Wenn man für eine öffentliche Toilette fast einen Euro Eintritt verlangt, geht man meistens von entsprechendem Service aus. Ein Fußboden, dessen Fliesenfarbe zumindest teilweise noch erkennbar ist, weiße Kloschüsseln, Seife am Waschbecken. Dieser Ansicht war sie jedenfalls, als sie bereits die hinterste Kabinentür öffnete, um vergeblich nach einer Rolle Toilettenpapier zu suchen. Mies gelaunt patschte sie über den nassen Boden, ohne auf den Geruch, der von diesem ausging, achten zu wollen, um sich aus dem Papierhandtuchspender einige Blätter zu entnehmen. Sie war nicht sonderlich überrascht, dass sie, ihre Hand in den Schacht des Metallkastens steckend, ins Leere griff. Verflucht!
„Jolly!
Verdammt nochmal, hier ist kein Klopapier!“ Joel war mit seinen Weizengläsern
beschäftigt und nickte bloß. Er hatte rund hundertachtzig Kilogramm auf den
Rippen und konnte sich nur dem Gewicht angepasst bewegen. So auch in diesem
Fall, als er schwermütig den Kopf in Richtung Suzi, der zweiten Kellnerin, hob.
„Dein Job.“
Mehr
gab es für ihn dazu nicht zu sagen.
Das
Lokal war um die Mittagszeit relativ leer, daher hatte sie den Mann, der sich
zeitgleich mit seinem Hund durch die Glastür schob, sofort gesehen. Ihr Magen
drehte sich um. Ein hastiger Blick zu Joel, der erst den Neuankömmling, dann
sie anstarrte, und schon wusste sie, sie war erledigt. In der Hoffnung, nicht
schon entdeckt wurden zu sein, schob sie leise ihren Fuß zwischen
Damentoilettentür und Türrahmen weg und fing sie vorsichtig mit den Fingern
auf, um keine Geräusche zu verursachen. Leise tippelte sie über den feuchten
Boden und schloss sich in die letzte Kabine. Eine Schraube des Vorhängehakens
fehlte, sehr sicher sah ihr Versteck daher nicht aus. In der Kneipe konnte sie
nervöse Wortfetzen auffangen, der Schweiß lief ihr über die Stirn. Die
Toilettentür öffnete sich – zuerst Hundetapsen, dann schwere Männerfüße. Von
nun an war an Atmen nicht mehr zu denken. Sie saß auf der Kloschüssel,
vorsichtig umklammerte sie ihre Knie, damit man bloß das Zittern nicht hören
konnte. Die Schritte kamen näher. Stießen die erste der vier Kabinentüren auf.

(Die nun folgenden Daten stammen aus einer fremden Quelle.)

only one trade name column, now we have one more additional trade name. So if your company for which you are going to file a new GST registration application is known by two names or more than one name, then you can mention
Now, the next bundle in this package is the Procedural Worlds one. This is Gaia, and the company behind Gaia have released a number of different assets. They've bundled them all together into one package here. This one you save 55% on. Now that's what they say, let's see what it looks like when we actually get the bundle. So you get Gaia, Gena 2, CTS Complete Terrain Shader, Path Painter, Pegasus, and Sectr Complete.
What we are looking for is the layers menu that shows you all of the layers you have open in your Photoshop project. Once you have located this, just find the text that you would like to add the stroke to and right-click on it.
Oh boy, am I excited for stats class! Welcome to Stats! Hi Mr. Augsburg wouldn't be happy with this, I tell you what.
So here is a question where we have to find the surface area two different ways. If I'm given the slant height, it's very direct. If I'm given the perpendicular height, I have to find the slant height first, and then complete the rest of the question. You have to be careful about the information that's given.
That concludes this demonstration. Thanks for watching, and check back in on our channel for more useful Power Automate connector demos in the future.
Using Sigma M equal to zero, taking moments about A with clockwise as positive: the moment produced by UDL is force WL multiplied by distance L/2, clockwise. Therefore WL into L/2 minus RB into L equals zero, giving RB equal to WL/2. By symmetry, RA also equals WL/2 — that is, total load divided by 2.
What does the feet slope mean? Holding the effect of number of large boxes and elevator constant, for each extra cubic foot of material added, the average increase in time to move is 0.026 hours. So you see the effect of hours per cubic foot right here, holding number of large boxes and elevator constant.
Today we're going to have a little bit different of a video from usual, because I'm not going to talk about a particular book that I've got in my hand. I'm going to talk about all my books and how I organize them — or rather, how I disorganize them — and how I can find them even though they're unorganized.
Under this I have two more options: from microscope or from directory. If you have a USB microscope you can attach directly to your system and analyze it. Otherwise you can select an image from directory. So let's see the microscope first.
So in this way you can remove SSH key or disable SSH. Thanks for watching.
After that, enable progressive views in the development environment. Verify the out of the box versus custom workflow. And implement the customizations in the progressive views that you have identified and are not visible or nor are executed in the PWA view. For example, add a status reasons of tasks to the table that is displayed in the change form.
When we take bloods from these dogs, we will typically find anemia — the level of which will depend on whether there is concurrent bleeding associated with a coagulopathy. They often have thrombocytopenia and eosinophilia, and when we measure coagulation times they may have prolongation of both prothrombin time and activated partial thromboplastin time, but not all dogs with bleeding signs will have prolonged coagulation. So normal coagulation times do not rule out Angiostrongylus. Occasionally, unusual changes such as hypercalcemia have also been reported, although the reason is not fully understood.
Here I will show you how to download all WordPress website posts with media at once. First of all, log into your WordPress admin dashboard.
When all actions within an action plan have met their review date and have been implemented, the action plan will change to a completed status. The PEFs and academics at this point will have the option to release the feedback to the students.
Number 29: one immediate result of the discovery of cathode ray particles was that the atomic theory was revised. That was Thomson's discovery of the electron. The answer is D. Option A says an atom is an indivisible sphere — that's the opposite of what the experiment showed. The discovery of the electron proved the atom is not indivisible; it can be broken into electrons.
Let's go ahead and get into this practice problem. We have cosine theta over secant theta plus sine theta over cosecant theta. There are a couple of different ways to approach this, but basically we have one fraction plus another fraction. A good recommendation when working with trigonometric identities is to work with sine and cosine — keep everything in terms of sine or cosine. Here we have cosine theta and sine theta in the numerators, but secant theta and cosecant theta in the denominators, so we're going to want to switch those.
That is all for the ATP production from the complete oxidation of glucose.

Man konnte ihn deutlich atmen hören, ganz ruhig. Die zweite Tür. Schlabbergeräusche, sein
hässlicher Hund schien gerade die stinkende Flüssigkeit vom Boden zu lecken. In
einer Todesstille schob sie ihre Füße auf die Klobrille, sie hatte Angst, die
Tamponfolie auf dem Boden könnte unter ihren Stiefeln knirschen. Dritte
Tür. Nun betrat er langsam die Kabine neben ihr, man hörte ihn seine Hose
öffnen. Plätschergeräusche. Sie schloss die Augen, ihre Lippen bebten. „Hm, Klopapier?“
hörte man ihn murmeln, und dann lauter: „Felice“, er klopfte mit aller Kraft gegen
ihre Seite der Kabinenwand, „hast’ da Klopapier bei dir drin?!“ Lachen. Und ihr
Herz blieb stehen.
Felice
sprang von der Toilettenschüssel, riss die Tür auf und raste so schnell wie
möglich Richtung Restaurant. Leider hatte sie da ohne die englische Bulldogge
geplant, welche mittlerweile unter den Waschbecken herumschnüffelte. Sofort
fletschte sie die Lefzen, kam knurrend auf Felice zu, die sich nun keinen
Schritt weiterbewegte. Der Mann spülte und trat langsam aus der Kabine. „Und
nun kommst du schön heim zu Papi, meine Kleine, nicht wahr?“ Felice schluckte
den Kloß in ihrem Hals hinunter und nickte. Und für ein paar Tage hatte sie
wirklich geglaubt, sie könnte frei sein.
Als
die Beiden durch die Toilettentür traten, sah Felice Joel auf dem Boden liegen.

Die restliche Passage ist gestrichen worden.